- [Information shown]:
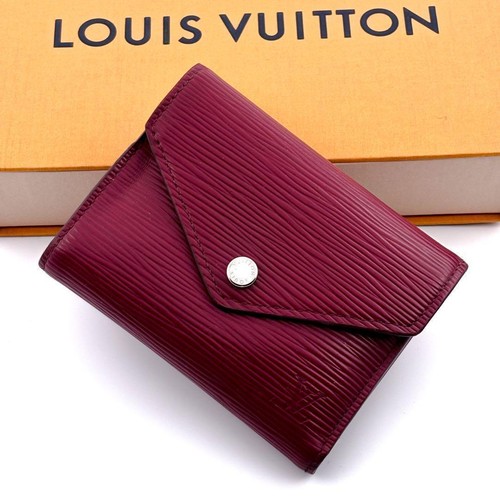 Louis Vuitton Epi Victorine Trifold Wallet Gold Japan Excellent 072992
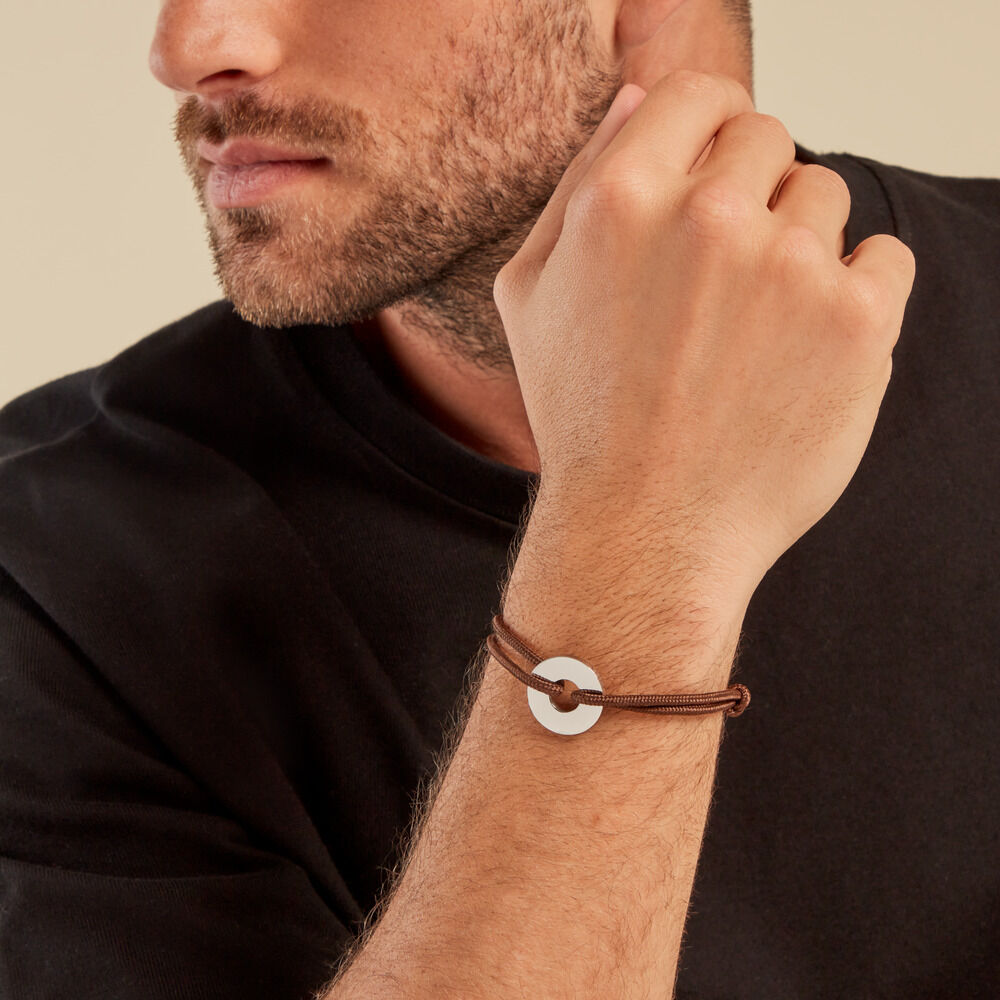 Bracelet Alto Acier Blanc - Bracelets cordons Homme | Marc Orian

* * *

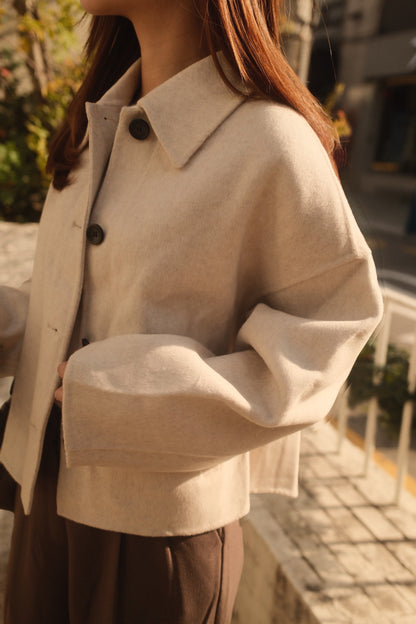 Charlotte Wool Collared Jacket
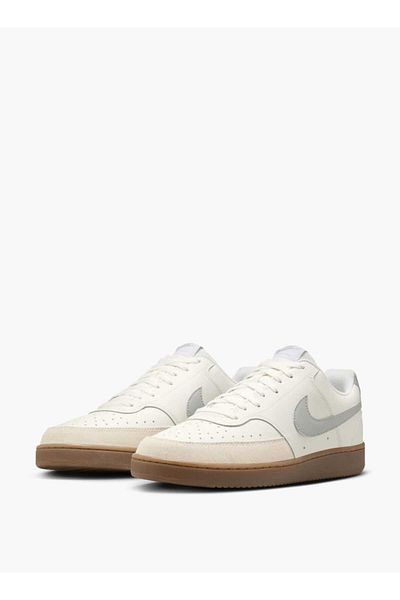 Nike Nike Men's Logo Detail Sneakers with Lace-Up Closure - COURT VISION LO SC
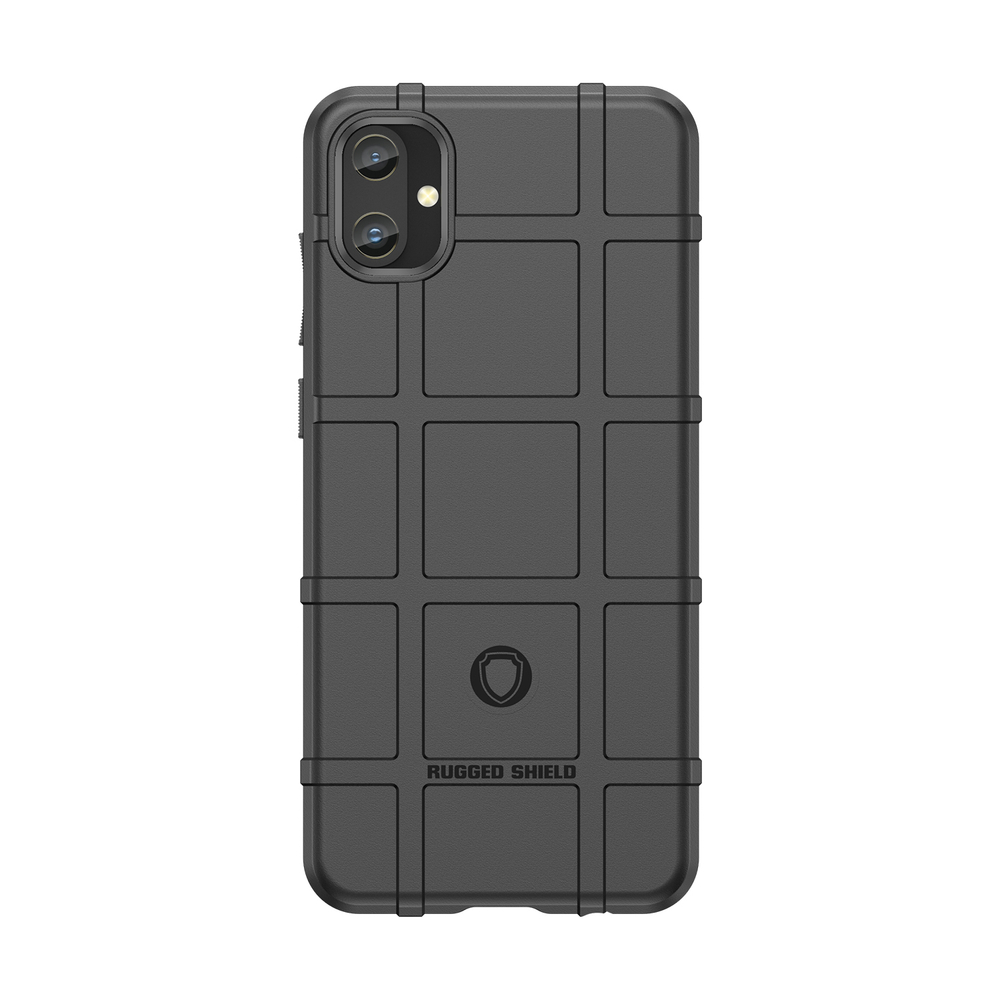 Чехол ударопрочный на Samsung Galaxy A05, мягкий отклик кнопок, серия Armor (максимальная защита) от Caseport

--

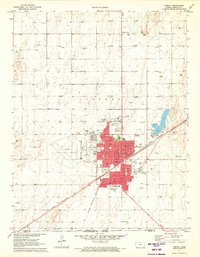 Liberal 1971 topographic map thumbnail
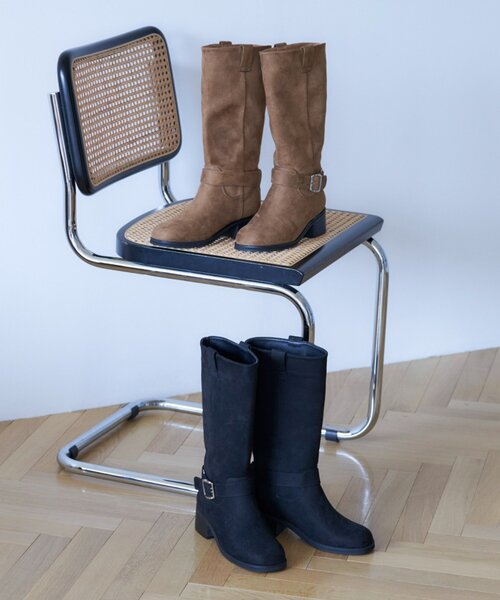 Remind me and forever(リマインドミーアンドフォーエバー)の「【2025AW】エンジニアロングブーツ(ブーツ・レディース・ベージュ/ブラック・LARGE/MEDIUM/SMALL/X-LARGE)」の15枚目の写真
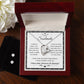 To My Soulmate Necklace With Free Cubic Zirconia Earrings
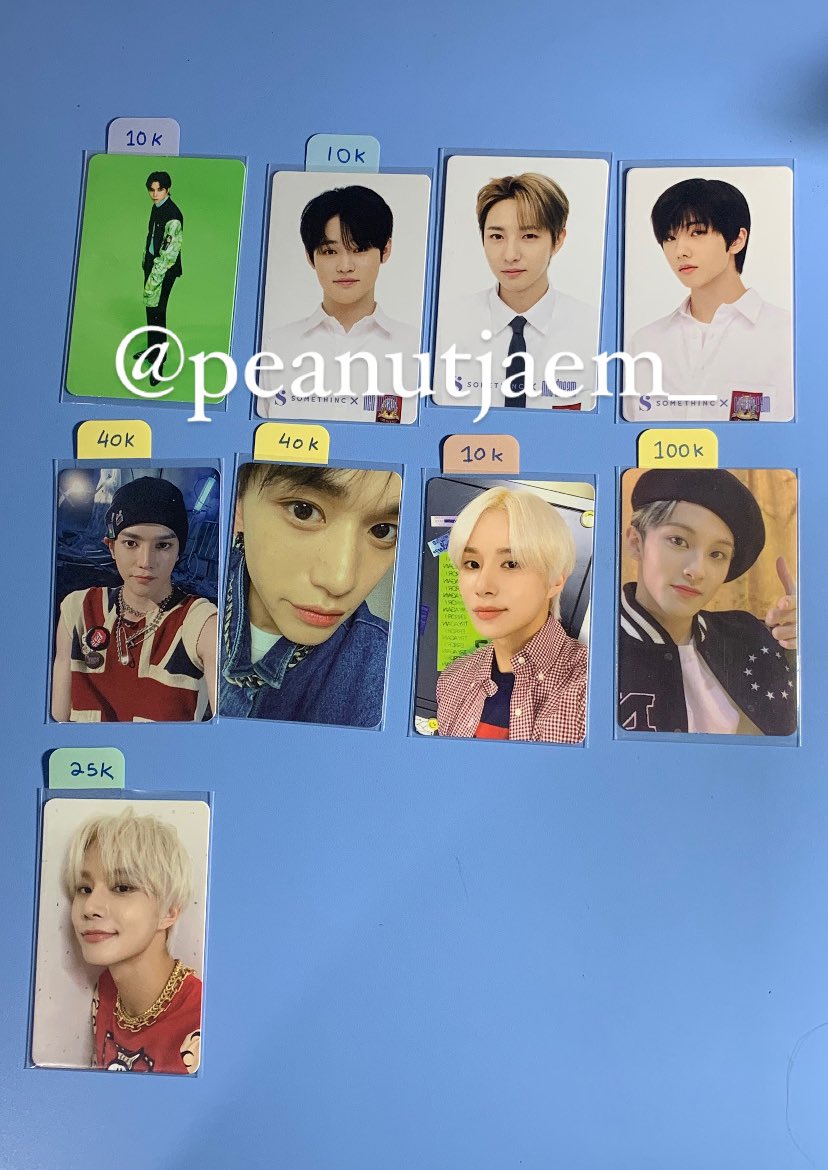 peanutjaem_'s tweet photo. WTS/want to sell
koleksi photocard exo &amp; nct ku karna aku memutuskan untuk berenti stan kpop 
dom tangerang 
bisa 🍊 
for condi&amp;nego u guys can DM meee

- [What to do]:
Output exactly, and only, the lines of the entries above from the one with "Louis Vuitton Epi" up to and including the one with "Bracelet Alto Acier"; pictures are to be left out.

- [Written solution]:
 Louis Vuitton Epi Victorine Trifold Wallet Gold Japan Excellent 072992
 Bracelet Alto Acier Blanc - Bracelets cordons Homme | Marc Orian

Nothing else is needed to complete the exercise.